*Collected data entries:*
Content starts
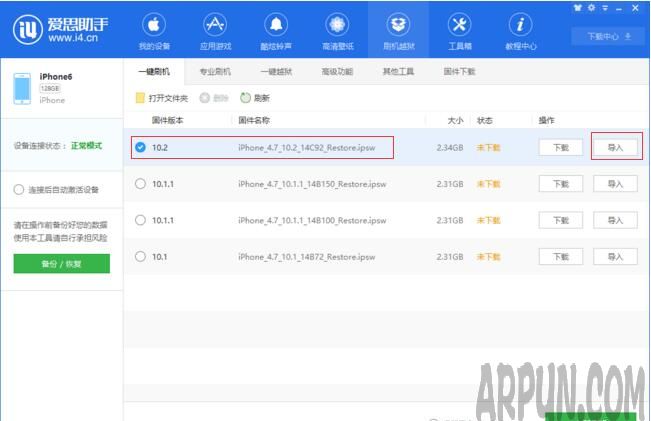 iPhone刷機是什麼意思？自己能刷機嗎？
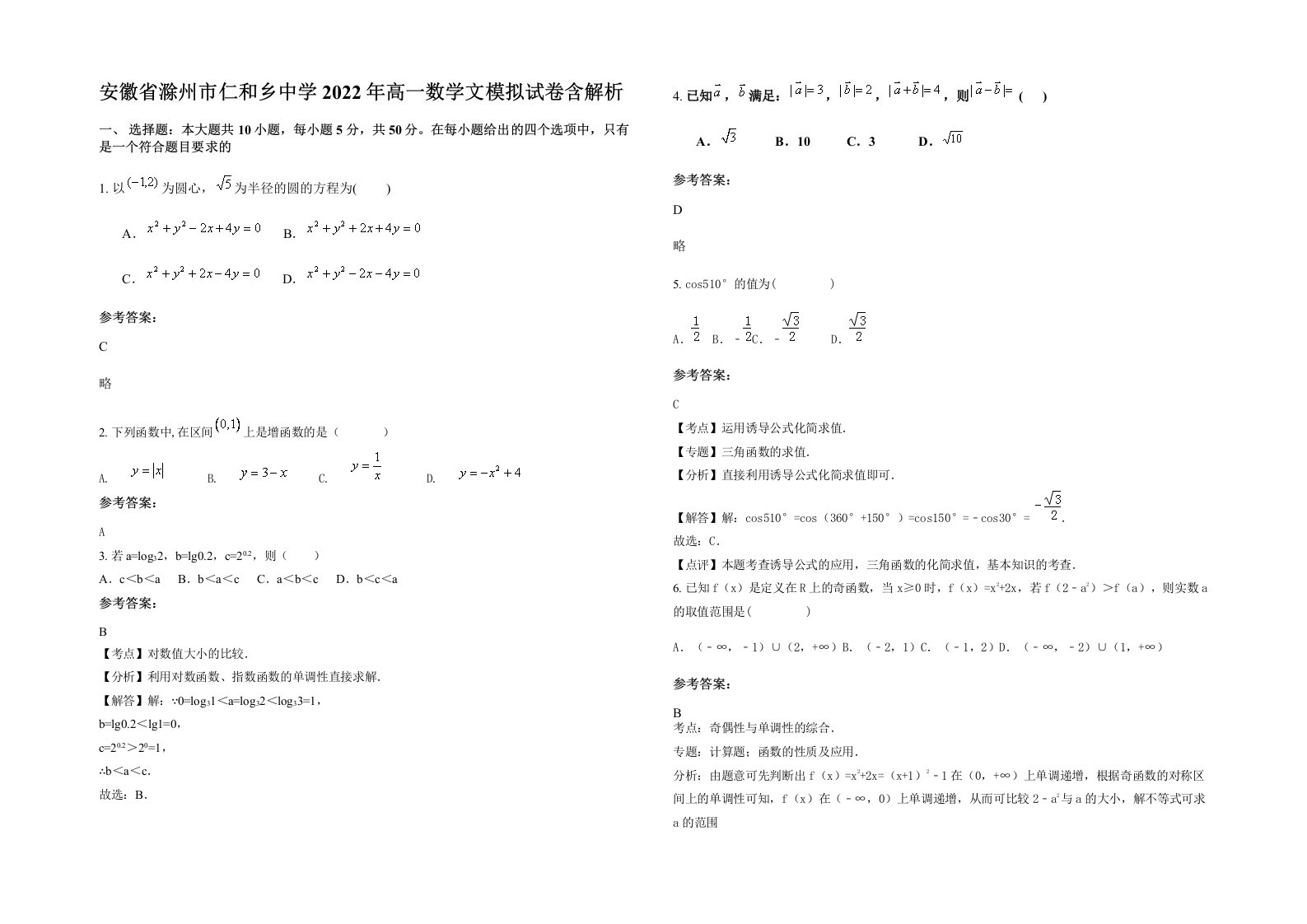 安徽省滁州市仁和乡中学2022年高一数学文模拟试卷含解析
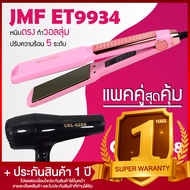 Lucky.EzShop 🔥 (แพคคู่สุดคุ้ม) เครื่องหนีบผม JMF 9934 ที่หนีบผม หนีบตรง หนีบเงา ที่รีดผม + ไดร์เป่าผ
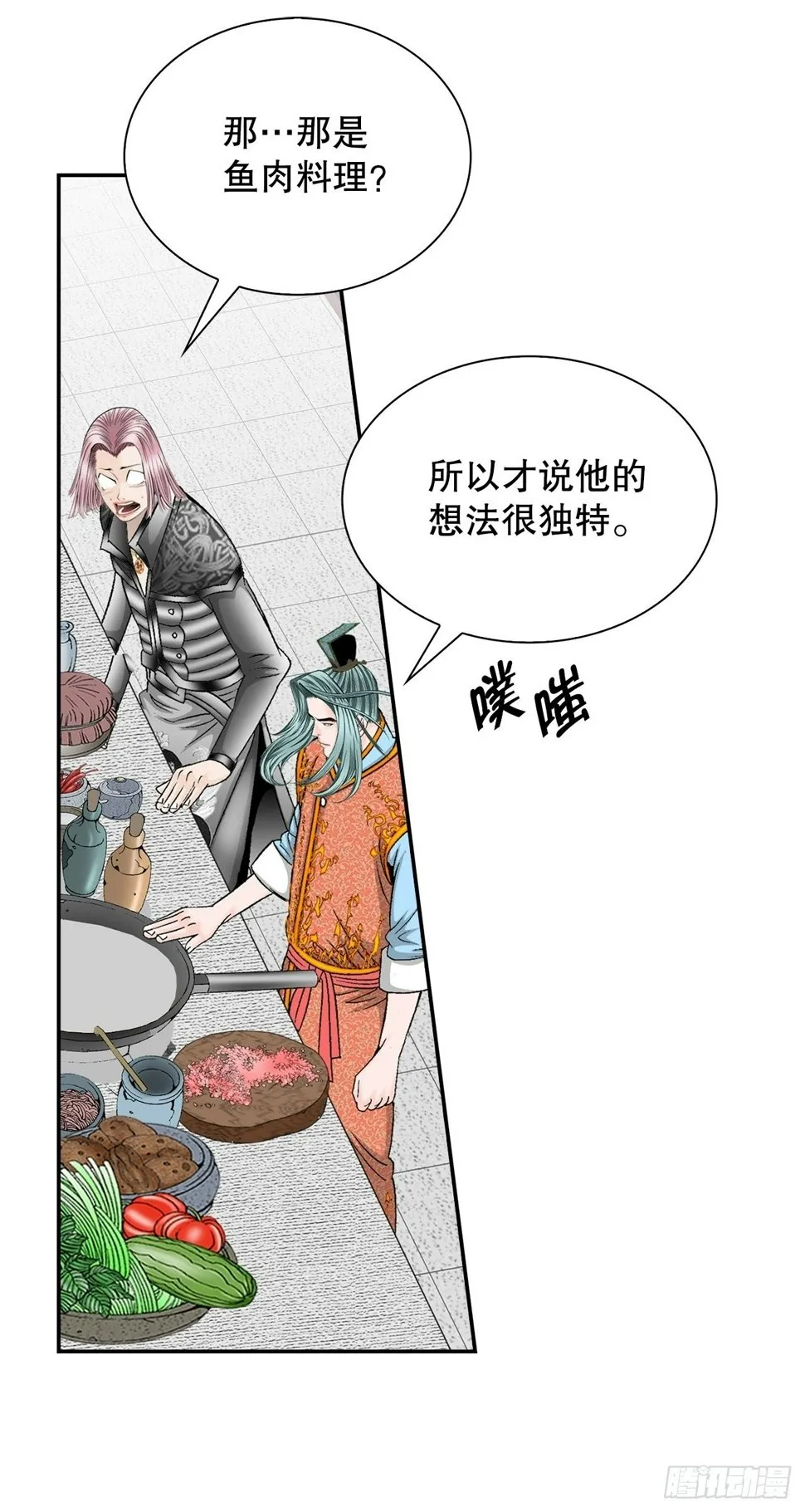 113.品尝菜肴 第2页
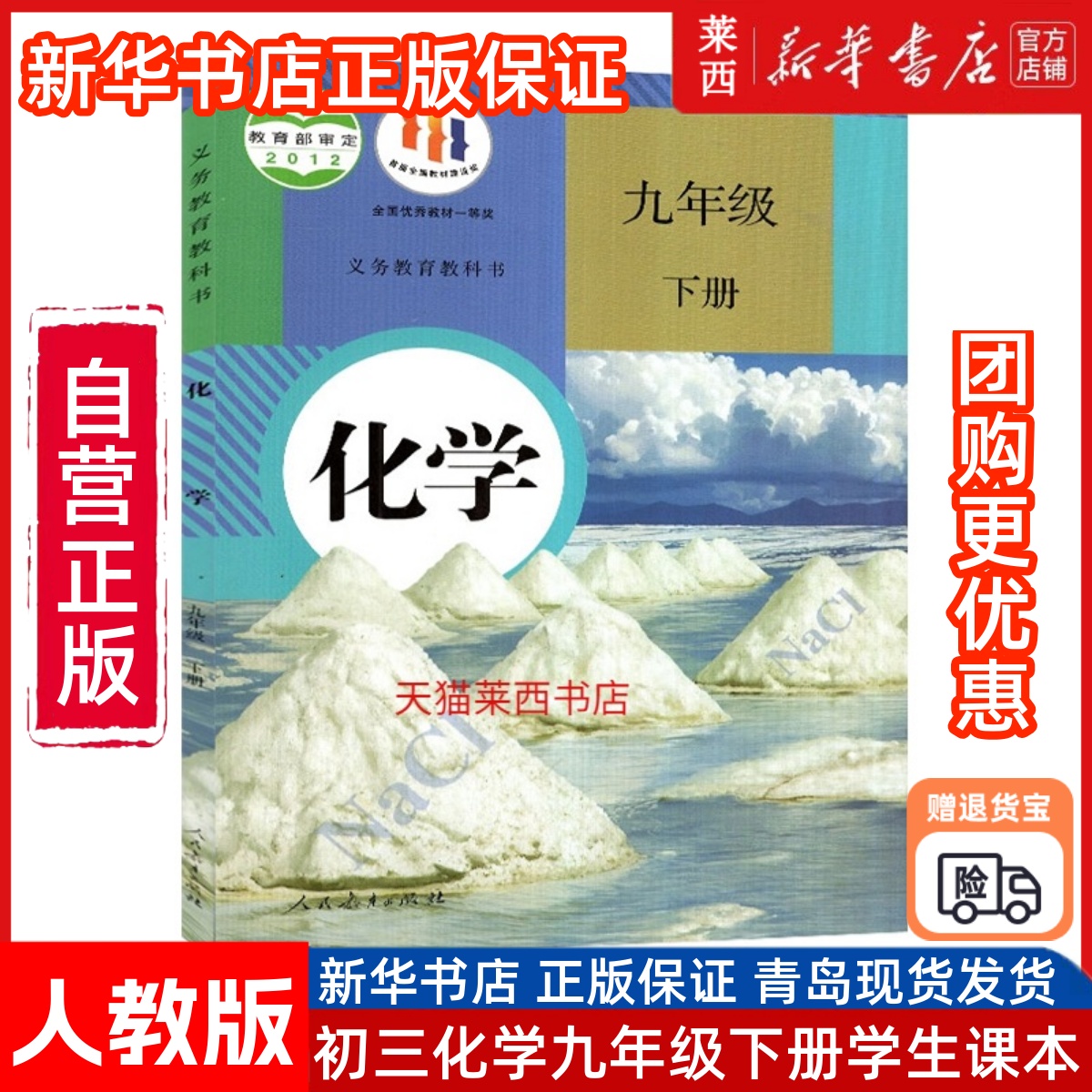 化学9九年级下册人教版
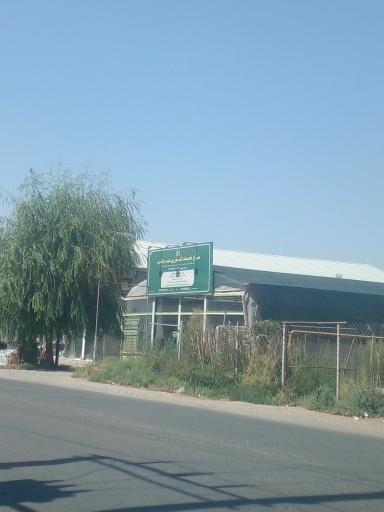 عکس مرکز خدمات کشاورزی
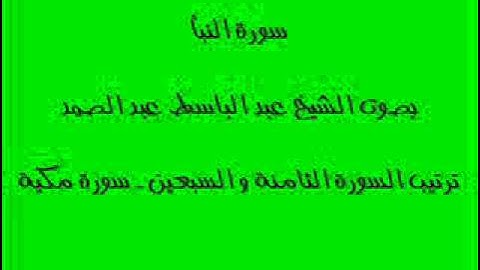 سورة النبأ بصوت الشيخ عبد الباسط عبد الصمد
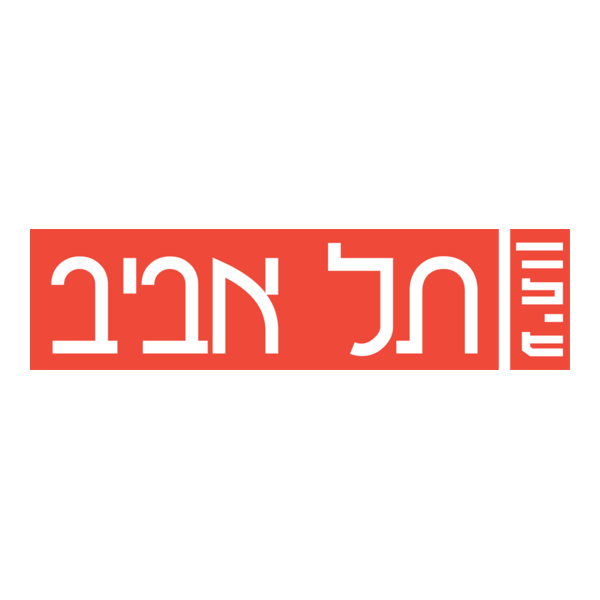 Tel-Aviv Logo PNG Vector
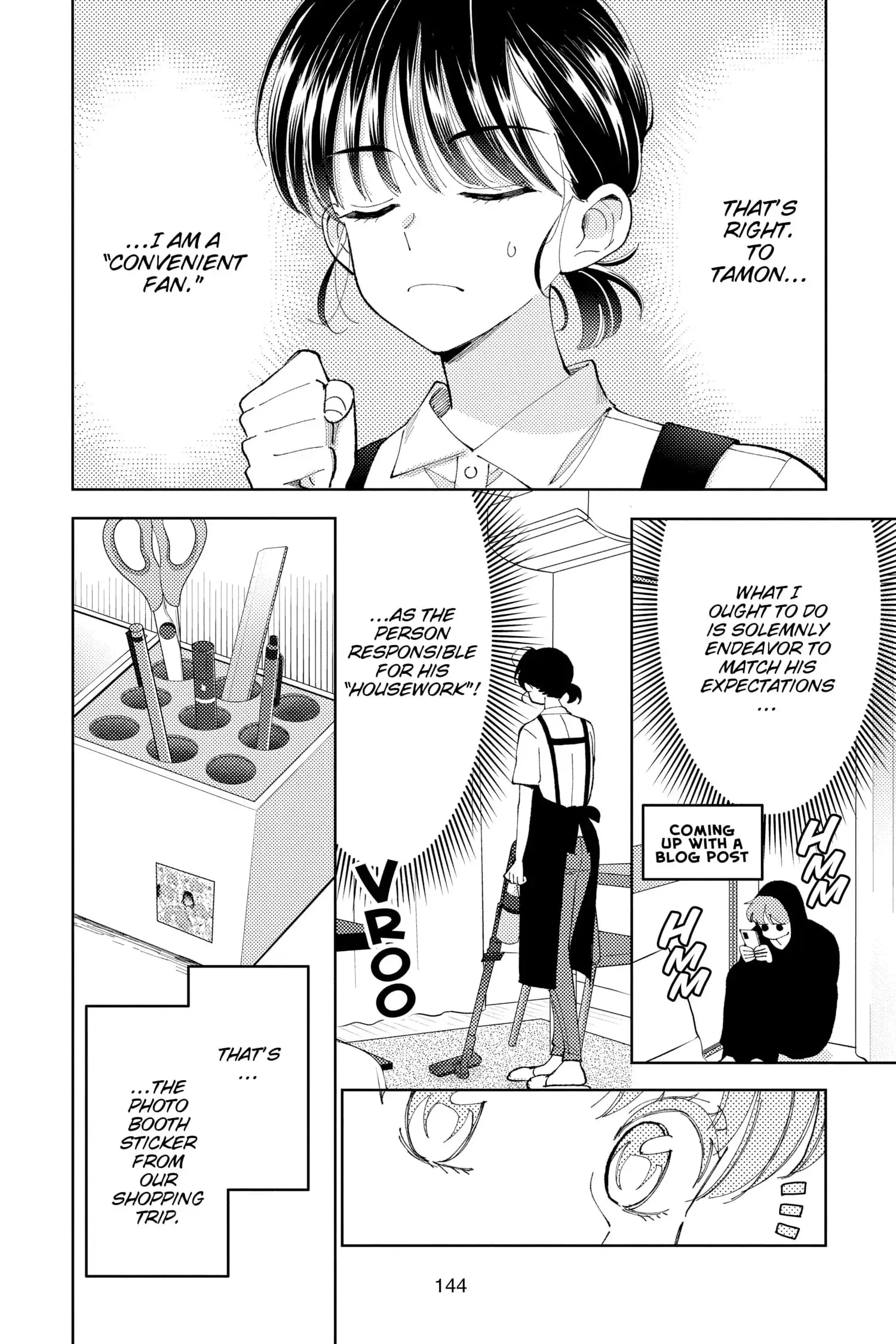 Tamon's B-Side - Chapter 4 - Page 12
Content ends
Lines from the one holding "113.品尝菜肴 第2页" to the end of the data, both ends included, are to be given again exactly; no pictures belong in the copy.

 113.品尝菜肴 第2页
 化学9九年级下册人教版
 عکس مرکز خدمات کشاورزی
 سورة النبأ بصوت الشيخ عبد الباسط عبد الصمد
 Tel-Aviv Logo PNG Vector
 Tamon's B-Side - Chapter 4 - Page 12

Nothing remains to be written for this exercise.